Hi vista9 and welcome to TSG.

Click View>Current View and make sure "Show all messages" has a check next to it.


----------



## vista9 (Aug 2, 2011)

There is a check mark next to show all messages and the messages are not in the trash or in another folder.


----------



## throoper (Jan 20, 2007)

To be sure the information for that setting is correctly entered in the Registry, check one of the other options and restart OE. 
Recheck "Show all messages" again and another restart of OE.
I'm guessing that's not the problem as it's too simple and easy to fix but it should be tried.

Next thing would be to see if the messages are actually in the datafile (DBX).
Download MailView HERE and open the Inbox.dbx (and any other folders that aren't displaying messages but should contain some) with it.
If they show up in MailView we'll know it's a display problem with OE.
Please post the results.


----------



## vista9 (Aug 2, 2011)

I didn't understand the instructions: "be sure the information for that setting is correctly entered in the Registry, check one of the other options and restart OE" So, I skipped that part and went right to the MailView program. Thank you so much for the link. I opened the MailView program and opened Inbox.dbx. The mail from 8/2/11 (yesterday) do not show up in MailView. The last messages are from 8/1/11 (before the problem happened). I asked my ISP if they could resend all messages from 8/2/11 and they said once it leaves their servers, they don't save them. I would like to retrieve the messages.Thank you for supplying the MailView program, I'm sure it will come in handy another day.


----------



## throoper (Jan 20, 2007)

I just meant to set View>Current view to one of the other choices besides "Show all messages", but it's a moot point if the messages aren't in the DBX file. That means they are either being deleted on receipt or not being written to the file.

Look to see if you have any Message Rules or Blocks on incoming mail.
Click Tools>Message Rules>Blocked Senders List.
A window should pop up with a Blocked Senders tab and a Mail Rules tab. 
If there's nothing on either tab that would cause this, I would suspect an Inbox problem.

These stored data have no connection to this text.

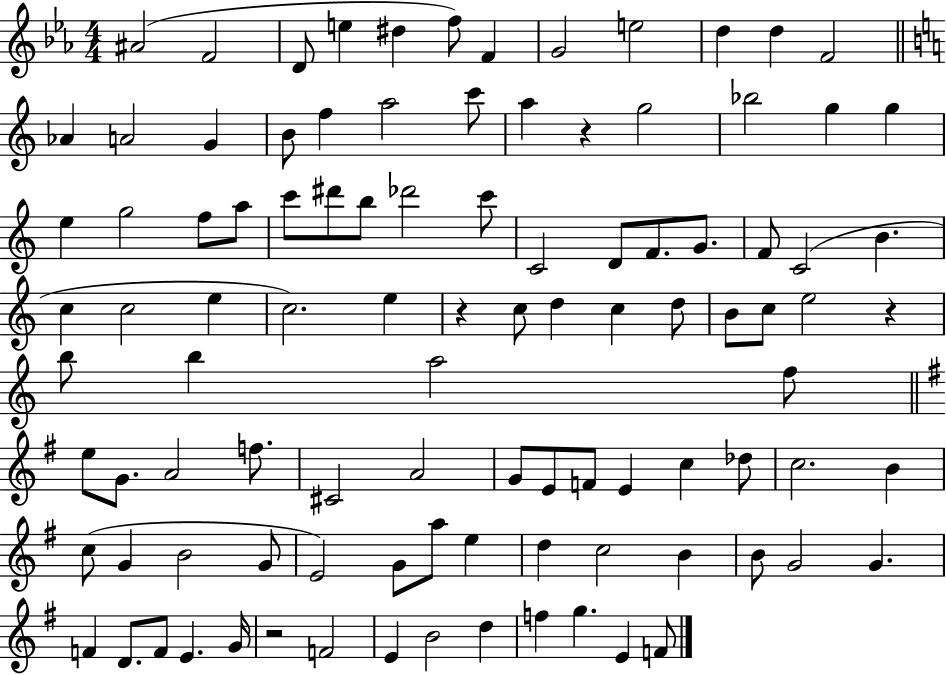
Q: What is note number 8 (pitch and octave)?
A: G4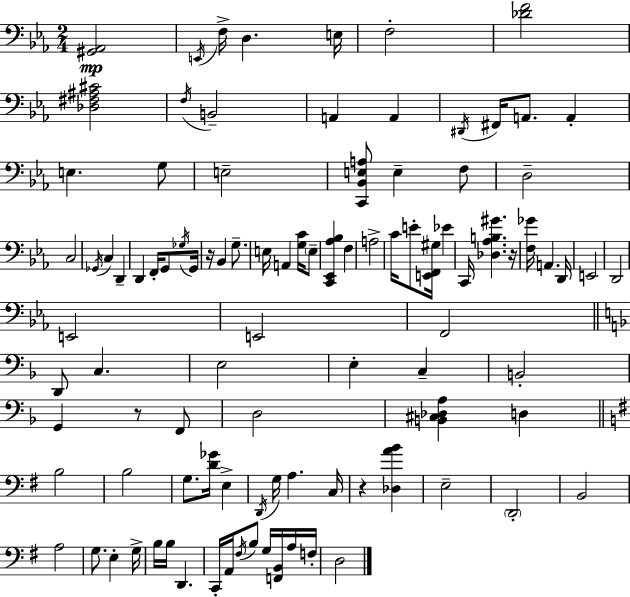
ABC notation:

X:1
T:Untitled
M:2/4
L:1/4
K:Eb
[^G,,_A,,]2 E,,/4 F,/4 D, E,/4 F,2 [_DF]2 [_D,^F,^A,^C]2 F,/4 B,,2 A,, A,, ^D,,/4 ^F,,/4 A,,/2 A,, E, G,/2 E,2 [C,,_B,,E,A,]/2 E, F,/2 D,2 C,2 _G,,/4 C, D,, D,, F,,/4 G,,/2 _G,/4 G,,/4 z/4 _B,, G,/2 E,/4 A,, [G,C]/4 E,/2 [C,,_E,,_A,_B,] F, A,2 C/4 E/2 [E,,F,,^G,]/4 _E C,,/4 [_D,_A,B,^G] z/4 [F,_G]/4 A,, D,,/4 E,,2 D,,2 E,,2 E,,2 F,,2 D,,/2 C, E,2 E, C, B,,2 G,, z/2 F,,/2 D,2 [B,,^C,_D,A,] D, B,2 B,2 G,/2 [D_G]/4 E, D,,/4 G,/4 A, C,/4 z [_D,AB] E,2 D,,2 B,,2 A,2 G,/2 E, G,/4 B,/4 B,/4 D,, C,,/4 A,,/4 ^F,/4 B,/2 G,/4 [F,,B,,]/4 A,/4 F,/4 D,2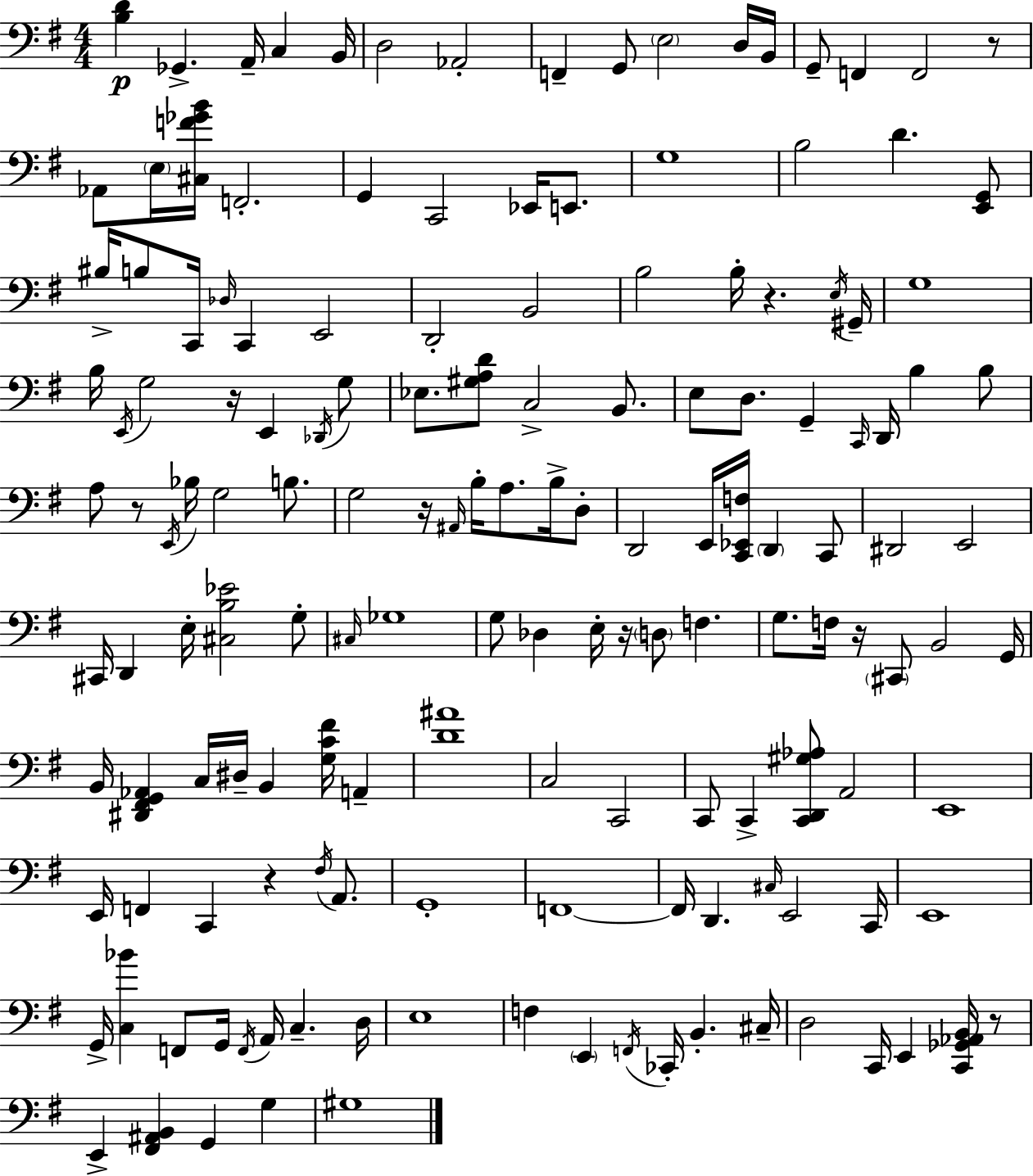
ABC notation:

X:1
T:Untitled
M:4/4
L:1/4
K:G
[B,D] _G,, A,,/4 C, B,,/4 D,2 _A,,2 F,, G,,/2 E,2 D,/4 B,,/4 G,,/2 F,, F,,2 z/2 _A,,/2 E,/4 [^C,F_GB]/4 F,,2 G,, C,,2 _E,,/4 E,,/2 G,4 B,2 D [E,,G,,]/2 ^B,/4 B,/2 C,,/4 _D,/4 C,, E,,2 D,,2 B,,2 B,2 B,/4 z E,/4 ^G,,/4 G,4 B,/4 E,,/4 G,2 z/4 E,, _D,,/4 G,/2 _E,/2 [^G,A,D]/2 C,2 B,,/2 E,/2 D,/2 G,, C,,/4 D,,/4 B, B,/2 A,/2 z/2 E,,/4 _B,/4 G,2 B,/2 G,2 z/4 ^A,,/4 B,/4 A,/2 B,/4 D,/2 D,,2 E,,/4 [C,,_E,,F,]/4 D,, C,,/2 ^D,,2 E,,2 ^C,,/4 D,, E,/4 [^C,B,_E]2 G,/2 ^C,/4 _G,4 G,/2 _D, E,/4 z/4 D,/2 F, G,/2 F,/4 z/4 ^C,,/2 B,,2 G,,/4 B,,/4 [^D,,^F,,G,,_A,,] C,/4 ^D,/4 B,, [G,C^F]/4 A,, [D^A]4 C,2 C,,2 C,,/2 C,, [C,,D,,^G,_A,]/2 A,,2 E,,4 E,,/4 F,, C,, z ^F,/4 A,,/2 G,,4 F,,4 F,,/4 D,, ^C,/4 E,,2 C,,/4 E,,4 G,,/4 [C,_B] F,,/2 G,,/4 F,,/4 A,,/4 C, D,/4 E,4 F, E,, F,,/4 _C,,/4 B,, ^C,/4 D,2 C,,/4 E,, [C,,_G,,_A,,B,,]/4 z/2 E,, [^F,,^A,,B,,] G,, G, ^G,4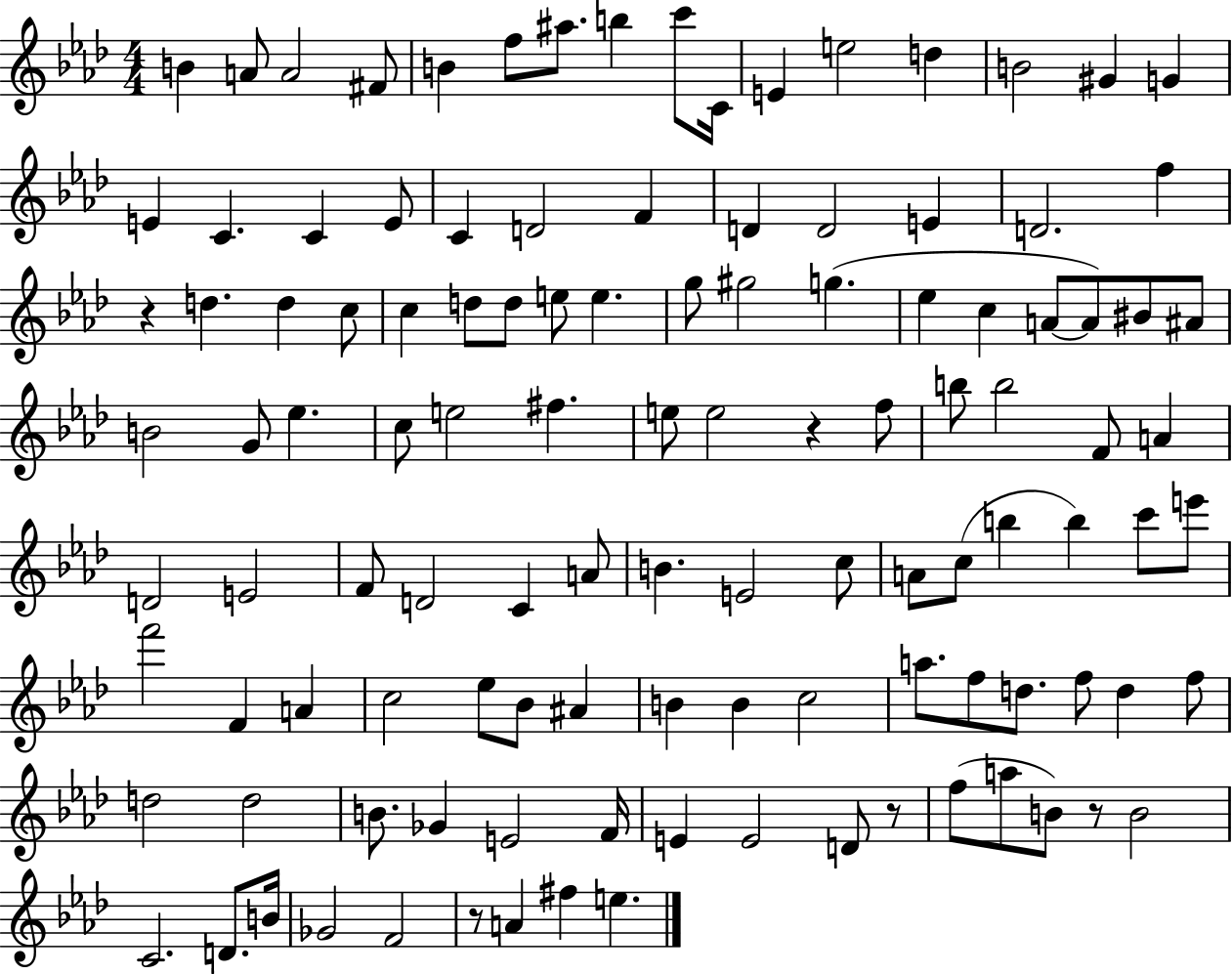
{
  \clef treble
  \numericTimeSignature
  \time 4/4
  \key aes \major
  b'4 a'8 a'2 fis'8 | b'4 f''8 ais''8. b''4 c'''8 c'16 | e'4 e''2 d''4 | b'2 gis'4 g'4 | \break e'4 c'4. c'4 e'8 | c'4 d'2 f'4 | d'4 d'2 e'4 | d'2. f''4 | \break r4 d''4. d''4 c''8 | c''4 d''8 d''8 e''8 e''4. | g''8 gis''2 g''4.( | ees''4 c''4 a'8~~ a'8) bis'8 ais'8 | \break b'2 g'8 ees''4. | c''8 e''2 fis''4. | e''8 e''2 r4 f''8 | b''8 b''2 f'8 a'4 | \break d'2 e'2 | f'8 d'2 c'4 a'8 | b'4. e'2 c''8 | a'8 c''8( b''4 b''4) c'''8 e'''8 | \break f'''2 f'4 a'4 | c''2 ees''8 bes'8 ais'4 | b'4 b'4 c''2 | a''8. f''8 d''8. f''8 d''4 f''8 | \break d''2 d''2 | b'8. ges'4 e'2 f'16 | e'4 e'2 d'8 r8 | f''8( a''8 b'8) r8 b'2 | \break c'2. d'8. b'16 | ges'2 f'2 | r8 a'4 fis''4 e''4. | \bar "|."
}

To help me form a plan for dealing with an Inbox problem, I have a couple questions.

1: Do you store mail in your Inbox (leave it there instead of moving it to other folders)?
2: Do you leave messages on the server (are they still there if you log in to the website)?
3: Is this a POP mail account from your ISP and not a Gmail account?


----------



## vista9 (Aug 2, 2011)

There wasn't anything entered in any of the blocked senders tabs.

1. I do move email from the Inbox to other folders. I do this manually. I tend to not delete messages and am a pack rat. I sent myself several messages on 8/2/11 (one of them had the subject: Persnikedy) and then did a search and OE couldn't find the message. The odd thing is that I remember getting a few messages on 8/2/11 because I replied to one and forwarded another, but the original inbox messages have disappeared and are no longer around. There is plenty of mail in my Deleted Items folder (sometimes I do actually delete stuff) but nothing from 8/2/11 or after 7/25/11.

2. I don't leave messages on the server. Right now, to read mail, I have disabled OE from automatically downloading mesgs, and I am reading my email from the web.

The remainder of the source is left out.